About 15 percent of Europe’s gas from Russia transits through Ukraine ― a dependence that EU nations have been trying to limit ever since suffering similar disruptions in 2006 and 2009.
A marathon round of EU-mediated gas talks broke up in Brussels early Tuesday without a deal as a deadline set by Russia for an agreement arrived.
Announced trilateral talks later Tuesday failed to materialize, while the negotiators from both sides consulted with their respective capitals.
EU Energy Commissioner Gunther Oettinger, brokering the Brussels talks, said the Russian and Ukrainian Energy Ministers would resume their head-to-head discussions at Wednesday on the fraught gas issue.

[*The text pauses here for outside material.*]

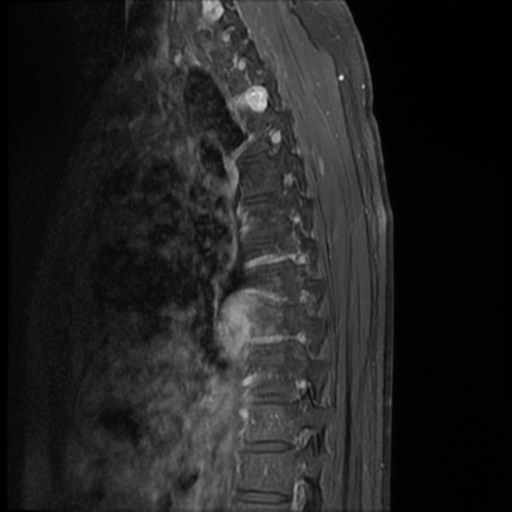 File:Neurofibromatosis type 2 (spinal manifestations) (Radiopaedia 53943-60070 I 11).png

Oettinger warned that an overall agreement should not be expected “for several days.”
Russia had set a deadline for Ukraine to cover a debt Moscow puts at $4.5 billion or have its shipments end Wednesday.
Ukraine has refused to pay the gas bill in protest at Russia’s decision to nearly double its rates in the wake of the February ouster of Kiev’s Kremlin-friendly president after months of pro-EU protests.
Analysts had expected the two sides to agree to a new price of around $350 per thousand cubic meters of gas ― a sum about halfway between Russia’s old rate and the one set after the rise to power of the new pro-Western authorities.
But Kiev appears to be taking a hard-line position by demanding the same price Russia awarded the previous authorities.
The multipronged peace push by Poroshenko prompted only suspicion among the pro-Russia rebels in eastern Ukraine.
A top leader in the self-proclaimed “Donetsk People’s Republic” said the level of violence inflicted on the region made him doubt the real intention behind Poroshenko’s civilian corridors.
“We heard about this initiative but doubt it will come into force,” Donetsk “deputy governor” Andriy Purgin told Russia’s Interfax news agency.
The government’s assault ―dubbed an “antiterrorist operation” by Kiev, and a “punitive operation” by Moscow ― has gathered considerable momentum since Poroshenko’s May 25 election.
The fighting has engulfed two economically vital regions that are home to 7 million people and have extensive trade and cultural ties to Russia.
The battles are now primarily being waged along Ukraine’s border with Russia and outside Slaviansk ― a city of 120,000 that was the first of a dozen to fall under rebel command in early April.
A Ukrainian military source said that government forces had also successfully repelled a second attempt by guerrillas to seize the main airport in the neighboring region of Lugansk since the weekend.
But rights groups question whether Ukraine’s growing reliance on artillery fire in Slavyansk and neighboring towns was entirely justified.
“Criminal conduct by the insurgents does not relieve the Ukrainian forces of their obligations to act in accordance with international law,” Human Rights Watch said in a letter to Poroshenko.